SE: If I’m company A and it used to take me 18 months to build a chip, how long will it take me now?
Sutardja: One hour to make decisions. You have a price list. You decide what you want, how many functions you want, and then you build the evaluation board. Then, using cables, you can connect them together and test whether this is what you want. Each package is small with limited functions, so they are very simple. If you build a chip with 500 pins, you still have to put it on a board. With this approach, you put these devices next to the edge of the board. There is no wire to fan out. From there to the main chip is only two wires.
SE: Does that reduce your bill of materials?
Sutardja: Absolutely. You can build a four-layer board instead of a six- or eight-layer board to fan out 500 pins from your super SoC. We have been brainwashed to thinking more pins are better.
SE: Are the tools there to make this work?
Sutardja: The intelligence is built in. All you really need are PCB layout tools.
SE: How does this work within a system?
Sutardja: We need to provide customers guidelines for how this will work with this bandwidth. If you don’t need it, maybe you can go with half the bandwidth. The vast majority of chips have three interfaces, but you can add as many as six or seven. But all these connections can be daisy-chained. The chip closest to the processor will have the shortest latency. The one further down the chain will have to go through different chips, so it will have longer latency.
SE: What are you doing on the memory side?
Sutardja: That’s Final-Level Cache. A lot of people are confused between FLC and Last-Level Cache. With x86, Intel used last-level cache to mean the last level of their processor cache, which is L3. All the cache that’s available in the processor world is Last-Level Cache. FLC is system cache.
SE: So it can be shared among different things?
SE: How do you keep that coherent?
Sutardja: Because it is shared, there is only one. There aren’t multiple things in the system where you have to check coherency. It could have multiple levels of the final-level cache, but from a system-level view it’s just one cache. The biggest benefit of an SoC is to virtualize DRAM so you don’t have to use a big DRAM. We can virtualize the main memory from using a big DRAM to using a much smaller DRAM, and replace the rest with cheaper memory like SSD or flash. This is possible because in the real world there is almost no application on this planet that requires 16 gigabytes of DRAM to run at any instance in time. In the short time frame—one second or one hour—a lot of applications only require 1 gigabit. But it may be a different gigabit, which is why you may need a gigabyte or 16 gigabytes or hundreds of gigabytes in a big system. When you’re dealing with millions of people writing code it’s impossible to get everyone to agree how to make things more efficient. FLC will learn that only the things you need will be kept in the system cache. The things you use once but don’t use again for the next hour will be pushed out to the low-cost memory. If you monitor what’s in the cache, only the most active applications will be there.

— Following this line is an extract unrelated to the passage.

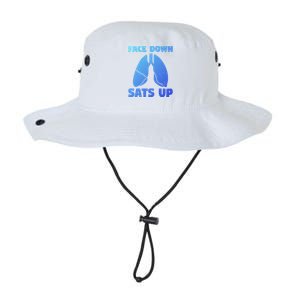 Face Down Sats Up Asthma Gift Legacy Cool Fit Booney Bucket Hat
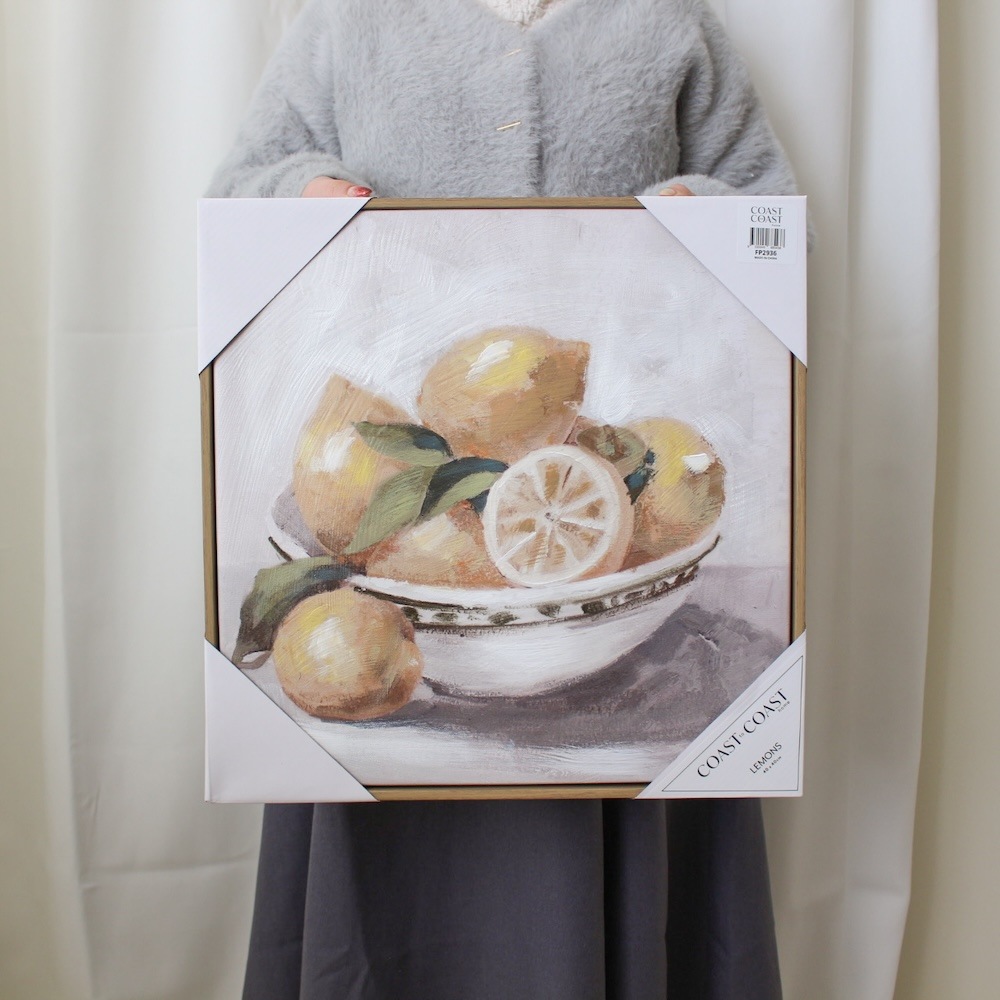 Lemons Oak Frame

SE: Does that require you to understand the flow of data in the system?
Sutardja: No, because if you were to understand the way things work, that would be a nightmare. As soon as you make it work with one scenario, it will not work with a different scenario. The solution is not to know how things work. It has to work based on statistics. If you have to run 10,000 things at any time, it’s hopeless. But in the real world, there are not that many events you have to keep track of. You have to rely on big data assumptions. There are very few things you care about.